EXERCISE DIRECTIONS
An exact transcript of every entry is required, without any of the pictures.

··· PROVIDED ENTRIES ···

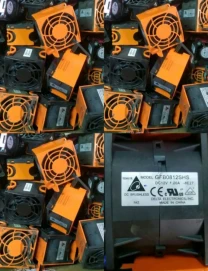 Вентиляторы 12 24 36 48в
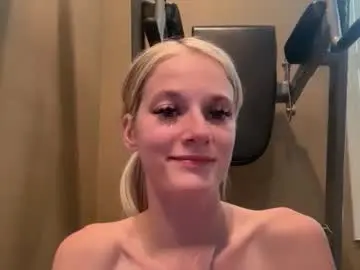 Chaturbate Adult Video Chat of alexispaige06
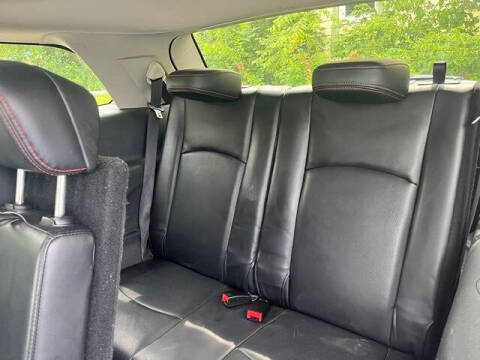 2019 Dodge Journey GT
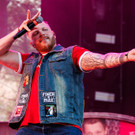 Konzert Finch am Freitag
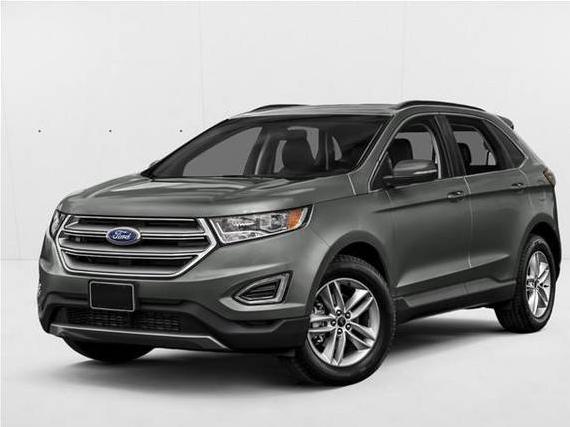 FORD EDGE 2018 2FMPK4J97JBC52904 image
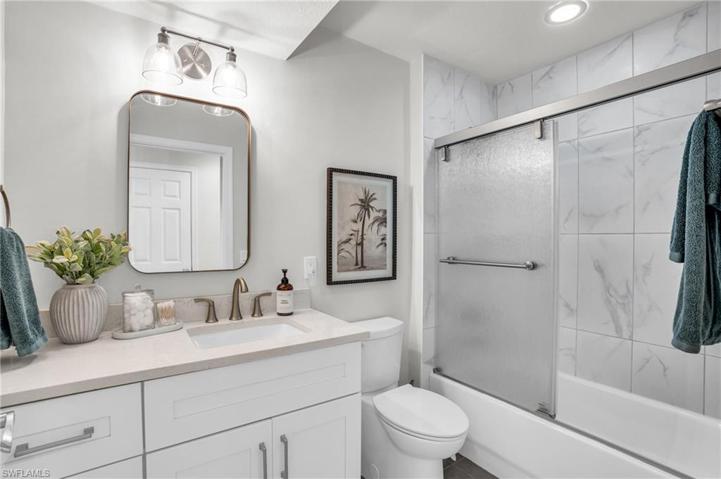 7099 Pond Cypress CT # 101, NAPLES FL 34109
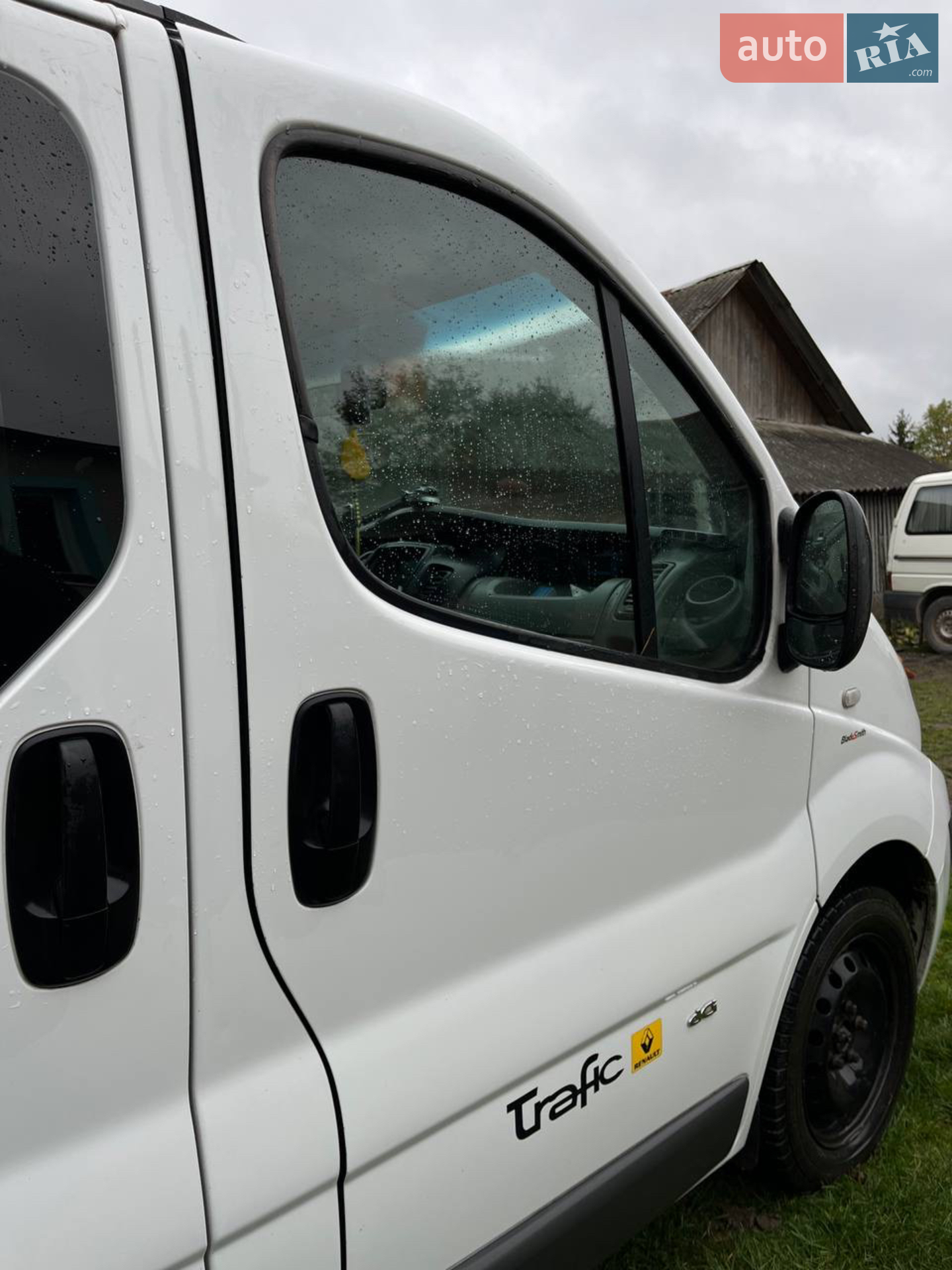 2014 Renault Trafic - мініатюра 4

···

SOLUTION TO THIS TASK
 Вентиляторы 12 24 36 48в
 Chaturbate Adult Video Chat of alexispaige06
 2019 Dodge Journey GT
 Konzert Finch am Freitag
 FORD EDGE 2018 2FMPK4J97JBC52904 image
 7099 Pond Cypress CT # 101, NAPLES FL 34109
 2014 Renault Trafic - мініатюра 4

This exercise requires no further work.